If you have a fair understanding of parts of the data.table source code, that would be really impactful if you could participate, even a little bit, from time to time. data.table is very widely used (1500+ direct revdeps on CRAN), and there are lots of issues/feature requests, but only a small handful of developers, so we need all the help we can get.

SebKrantz commented 2 months ago

Thanks @tdhock, also for showcasing your atime package. This is useful! And I'll see what I can do regarding data.table contribution.
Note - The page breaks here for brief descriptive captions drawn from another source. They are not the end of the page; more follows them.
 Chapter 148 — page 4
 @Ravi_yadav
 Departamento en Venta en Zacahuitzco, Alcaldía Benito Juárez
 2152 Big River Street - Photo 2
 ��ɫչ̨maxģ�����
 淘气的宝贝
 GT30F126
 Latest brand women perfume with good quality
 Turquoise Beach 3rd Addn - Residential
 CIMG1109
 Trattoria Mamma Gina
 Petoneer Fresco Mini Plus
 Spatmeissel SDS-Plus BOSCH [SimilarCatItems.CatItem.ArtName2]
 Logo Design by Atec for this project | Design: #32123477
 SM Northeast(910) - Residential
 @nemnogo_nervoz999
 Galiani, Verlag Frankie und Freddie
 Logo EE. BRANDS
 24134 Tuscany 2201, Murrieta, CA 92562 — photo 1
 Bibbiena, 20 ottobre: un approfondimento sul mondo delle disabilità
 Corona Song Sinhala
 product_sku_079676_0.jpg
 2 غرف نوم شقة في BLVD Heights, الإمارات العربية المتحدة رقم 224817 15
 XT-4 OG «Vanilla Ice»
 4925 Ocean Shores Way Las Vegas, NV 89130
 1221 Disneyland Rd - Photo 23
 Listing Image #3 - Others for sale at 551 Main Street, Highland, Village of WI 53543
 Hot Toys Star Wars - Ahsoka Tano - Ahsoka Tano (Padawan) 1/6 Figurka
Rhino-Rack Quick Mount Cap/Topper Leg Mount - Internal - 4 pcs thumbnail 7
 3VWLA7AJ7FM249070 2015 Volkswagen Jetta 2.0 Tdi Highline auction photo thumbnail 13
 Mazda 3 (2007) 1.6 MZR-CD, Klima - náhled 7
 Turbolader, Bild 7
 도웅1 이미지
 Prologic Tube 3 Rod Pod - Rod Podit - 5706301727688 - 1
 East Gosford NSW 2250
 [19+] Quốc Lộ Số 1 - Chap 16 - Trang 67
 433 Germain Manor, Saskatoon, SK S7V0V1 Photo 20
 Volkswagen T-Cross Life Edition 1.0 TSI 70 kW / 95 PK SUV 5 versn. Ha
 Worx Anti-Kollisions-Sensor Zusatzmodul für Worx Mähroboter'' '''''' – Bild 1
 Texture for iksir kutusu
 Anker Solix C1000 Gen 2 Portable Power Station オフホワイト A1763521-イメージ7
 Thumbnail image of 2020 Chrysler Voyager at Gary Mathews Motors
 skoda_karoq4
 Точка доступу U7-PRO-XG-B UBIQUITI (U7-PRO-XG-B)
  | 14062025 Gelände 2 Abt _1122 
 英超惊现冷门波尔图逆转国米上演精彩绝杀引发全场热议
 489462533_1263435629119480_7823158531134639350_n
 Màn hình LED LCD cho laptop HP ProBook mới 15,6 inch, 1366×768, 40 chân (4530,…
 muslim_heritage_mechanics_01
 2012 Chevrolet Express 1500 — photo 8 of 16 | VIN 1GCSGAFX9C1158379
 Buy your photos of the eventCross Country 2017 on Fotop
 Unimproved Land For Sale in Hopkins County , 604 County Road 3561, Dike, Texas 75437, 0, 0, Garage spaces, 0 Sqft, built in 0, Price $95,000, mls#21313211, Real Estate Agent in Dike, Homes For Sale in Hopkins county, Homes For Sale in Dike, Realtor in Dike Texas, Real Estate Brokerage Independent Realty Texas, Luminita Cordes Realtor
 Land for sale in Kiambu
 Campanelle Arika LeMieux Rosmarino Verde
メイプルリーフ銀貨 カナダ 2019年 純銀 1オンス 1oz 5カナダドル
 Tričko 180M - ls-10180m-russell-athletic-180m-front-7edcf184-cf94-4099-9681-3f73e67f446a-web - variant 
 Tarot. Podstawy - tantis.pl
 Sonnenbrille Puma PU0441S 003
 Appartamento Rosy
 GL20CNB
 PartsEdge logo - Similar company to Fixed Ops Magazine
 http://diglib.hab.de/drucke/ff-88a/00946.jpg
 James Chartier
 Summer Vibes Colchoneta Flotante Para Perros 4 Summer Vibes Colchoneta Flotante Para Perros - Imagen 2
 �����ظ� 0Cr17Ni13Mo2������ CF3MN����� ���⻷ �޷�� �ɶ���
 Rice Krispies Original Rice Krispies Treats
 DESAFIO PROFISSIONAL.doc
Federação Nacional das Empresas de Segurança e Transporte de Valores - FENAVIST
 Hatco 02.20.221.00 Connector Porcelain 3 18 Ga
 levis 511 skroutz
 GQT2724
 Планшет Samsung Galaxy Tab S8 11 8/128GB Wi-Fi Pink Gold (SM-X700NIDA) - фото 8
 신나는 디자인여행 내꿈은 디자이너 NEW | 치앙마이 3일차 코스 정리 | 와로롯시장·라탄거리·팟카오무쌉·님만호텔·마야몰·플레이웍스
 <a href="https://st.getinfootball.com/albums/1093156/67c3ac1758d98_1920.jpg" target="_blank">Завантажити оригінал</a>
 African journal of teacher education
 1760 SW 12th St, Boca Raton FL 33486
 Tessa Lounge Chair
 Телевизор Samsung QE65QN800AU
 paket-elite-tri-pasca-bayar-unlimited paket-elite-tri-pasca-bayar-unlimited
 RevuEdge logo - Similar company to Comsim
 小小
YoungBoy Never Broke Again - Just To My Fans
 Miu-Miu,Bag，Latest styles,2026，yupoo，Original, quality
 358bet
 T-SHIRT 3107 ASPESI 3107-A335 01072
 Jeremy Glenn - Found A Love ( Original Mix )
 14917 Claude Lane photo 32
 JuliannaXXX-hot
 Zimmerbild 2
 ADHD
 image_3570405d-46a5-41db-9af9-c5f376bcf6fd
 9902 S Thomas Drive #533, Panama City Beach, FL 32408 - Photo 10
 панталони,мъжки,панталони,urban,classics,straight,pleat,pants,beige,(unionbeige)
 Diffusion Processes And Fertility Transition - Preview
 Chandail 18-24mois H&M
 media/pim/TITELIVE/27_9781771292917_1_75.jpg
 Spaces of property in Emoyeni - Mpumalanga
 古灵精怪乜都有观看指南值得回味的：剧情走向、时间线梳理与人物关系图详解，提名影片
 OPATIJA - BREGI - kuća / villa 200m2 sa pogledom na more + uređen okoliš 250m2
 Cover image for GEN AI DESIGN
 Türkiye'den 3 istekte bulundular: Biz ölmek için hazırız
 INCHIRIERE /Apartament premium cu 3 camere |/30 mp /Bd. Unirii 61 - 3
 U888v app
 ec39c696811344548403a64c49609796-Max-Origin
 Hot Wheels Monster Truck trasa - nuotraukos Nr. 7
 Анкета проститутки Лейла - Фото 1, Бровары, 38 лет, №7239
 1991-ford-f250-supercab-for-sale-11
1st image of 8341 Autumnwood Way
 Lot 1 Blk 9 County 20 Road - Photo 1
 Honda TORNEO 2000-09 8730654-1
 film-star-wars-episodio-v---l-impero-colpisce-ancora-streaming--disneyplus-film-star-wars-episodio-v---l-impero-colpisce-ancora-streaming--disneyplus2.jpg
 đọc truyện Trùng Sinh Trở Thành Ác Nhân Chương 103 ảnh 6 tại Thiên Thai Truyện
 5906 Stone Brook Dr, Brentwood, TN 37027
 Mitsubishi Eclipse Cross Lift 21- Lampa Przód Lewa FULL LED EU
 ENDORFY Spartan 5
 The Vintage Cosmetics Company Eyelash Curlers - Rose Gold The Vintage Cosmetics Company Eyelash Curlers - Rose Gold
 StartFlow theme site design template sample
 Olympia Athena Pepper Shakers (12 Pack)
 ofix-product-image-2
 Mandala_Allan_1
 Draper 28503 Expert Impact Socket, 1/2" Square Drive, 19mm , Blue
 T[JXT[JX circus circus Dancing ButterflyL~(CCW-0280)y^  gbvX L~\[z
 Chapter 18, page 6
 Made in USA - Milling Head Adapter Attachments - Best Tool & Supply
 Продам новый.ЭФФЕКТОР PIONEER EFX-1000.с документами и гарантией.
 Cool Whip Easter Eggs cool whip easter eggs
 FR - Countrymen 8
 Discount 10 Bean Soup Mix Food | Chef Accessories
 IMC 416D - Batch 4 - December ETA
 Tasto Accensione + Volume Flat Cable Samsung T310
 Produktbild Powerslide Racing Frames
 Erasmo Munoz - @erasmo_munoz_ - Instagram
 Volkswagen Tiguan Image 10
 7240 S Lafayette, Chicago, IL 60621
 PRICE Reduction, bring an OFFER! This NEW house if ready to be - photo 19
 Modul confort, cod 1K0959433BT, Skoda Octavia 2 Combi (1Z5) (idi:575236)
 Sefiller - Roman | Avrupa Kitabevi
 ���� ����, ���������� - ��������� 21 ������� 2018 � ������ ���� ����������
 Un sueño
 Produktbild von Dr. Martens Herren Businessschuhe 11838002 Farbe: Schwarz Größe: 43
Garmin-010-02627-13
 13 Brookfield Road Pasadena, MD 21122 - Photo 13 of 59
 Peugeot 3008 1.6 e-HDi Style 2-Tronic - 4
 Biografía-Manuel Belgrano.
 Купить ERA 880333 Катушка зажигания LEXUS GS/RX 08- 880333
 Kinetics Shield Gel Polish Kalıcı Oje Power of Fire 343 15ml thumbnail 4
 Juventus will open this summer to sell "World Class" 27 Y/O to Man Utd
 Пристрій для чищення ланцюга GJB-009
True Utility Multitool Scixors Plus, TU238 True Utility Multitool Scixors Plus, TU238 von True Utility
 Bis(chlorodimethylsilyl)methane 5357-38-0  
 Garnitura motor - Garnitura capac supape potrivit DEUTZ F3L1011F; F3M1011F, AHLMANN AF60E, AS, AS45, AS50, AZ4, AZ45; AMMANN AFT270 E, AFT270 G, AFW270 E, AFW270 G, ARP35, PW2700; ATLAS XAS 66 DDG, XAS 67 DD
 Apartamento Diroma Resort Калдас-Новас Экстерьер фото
And just as a side note regarding CRAN dependencies. I think the community and particularly package developers would do very well to also give some more attention to the fastverse project - to which I am also happy to invite some of you guys if interested (and always happy to feature new packages). Tabular data is not the most efficient structure for many statistical operations - one reason I have opted to create a class-agnostic statistical computing architecture in collapse that also supports vectors and matrices. There are many other (smaller) and lightweight packages that are really efficient at doing certain things. In my own smaller packages such as osmclass and dfms I use data.table and collapse (and others) but not for the tabular stuff. For example from data.table I find chmatch/%chin%/set/setnafill/frollmean really useful. Developers that want highly efficient and robust code in my view need to 'think-C', i.e., what's actually going on under the hood, and what do I really need. I find very often the solution is not tabular data manipulation.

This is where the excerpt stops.